What He offers is something completely different. In his letter to him Paul exhorts the young pastor Timothy to rightly divide the Word of truth. What our Lord does is call us to repentance. This is so different from what our sinful flesh wants to hear it’s no wonder many reject Christ as God and Savior. But this is His first act of love in reaching out to us who have more to deal with than just our problems. We must answer for our sin. We must stand before God. He deals in justice, and we are hanging in the balance and found wanting. Paul in the Epistle talks about how for us Christians, we are who redeemed and forgiven, are nevertheless in a battle against our sinful flesh. Sin lies close at hand. The first person ever born, Cain, murdered his brother, Abel. God said to him, “sin lies crouching at the door, but you must master it.” What happens when we try to stop doing those things that are wrong and hurtful? We think we can just try harder to get better. But who are we fooling? You can’t stop cancer. We, as Paul says in the Epistle, are a body of death. Trying to get rid of our sin is like putting a Band-Aid on cancer. Our disease is sin.

So what does Christ offer? Rest for our souls. Taking His yoke will not make our lives easy, but it will give rest for our souls. We might ask for an easier life, but He offers us what we truly need, refreshment for our weary souls. “Come to Me, all who labor and are heavy laden, and I will give you rest. Take My yoke upon you, and learn from Me, for I am gentle and lowly in heart, and you will find rest for your souls. For My yoke is easy, and My burden is light.”

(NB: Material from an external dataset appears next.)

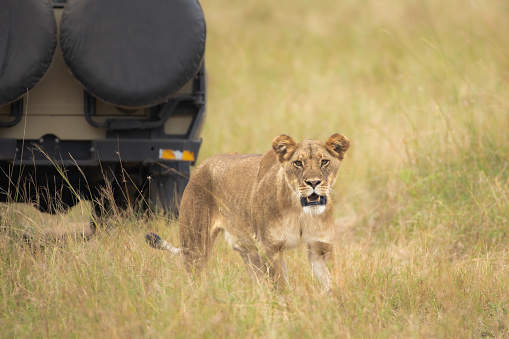 Lion as seen on the Serengeti, Tanzania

In giving us His Holy Supper, our Lord not only commands and invites us to eat and drink, The Large Catechism reminds us that

"there is besides this command also a promise, as we heard above. This ought most strongly to stir us up and encourage us. For here stand the kind and precious words, “This is My body, which is given for you.… This is My blood … shed for you for the forgiveness of sins.” These words, I have said, are not preached to wood and stone, but to me and you. Otherwise, Christ might just as well be silent and not institute a Sacrament. Therefore consider, and read yourself into this word you, so that He may not speak to you in vain. Here He offers to us the entire treasure that He has brought for us from heaven. With the greatest kindness He invites us to receive it also in other places, like when He says in St. Matthew 11:28, “Come to Me, all who labor and are heavy laden, and I will give you rest.” It is surely a sin and a shame that He so cordially and faithfully summons and encourages us to receive our highest and greatest good, yet we act so distantly toward it. We permit so long a time to pass ‹without partaking of the Sacrament› that we grow quite cold and hardened, so that we have no longing or love for it. We must never think of the Sacrament as something harmful from which we had better flee, but as a pure, wholesome, comforting remedy that grants salvation and comfort. It will cure you and give you life both in soul and body. For where the soul has recovered, the body also is relieved."

Are you ready for something completely different? Rest in the Lord. The yoke of the Law, of sin, guilt, and condemnation, was laid upon Him. In His suffering on the cross, we have rest. Receive His body and blood. Receive His eternal rest for you souls. His promise to His people in the Old Testament is the same to you and me: “My presence will go with you, and I will give you rest.” Amen.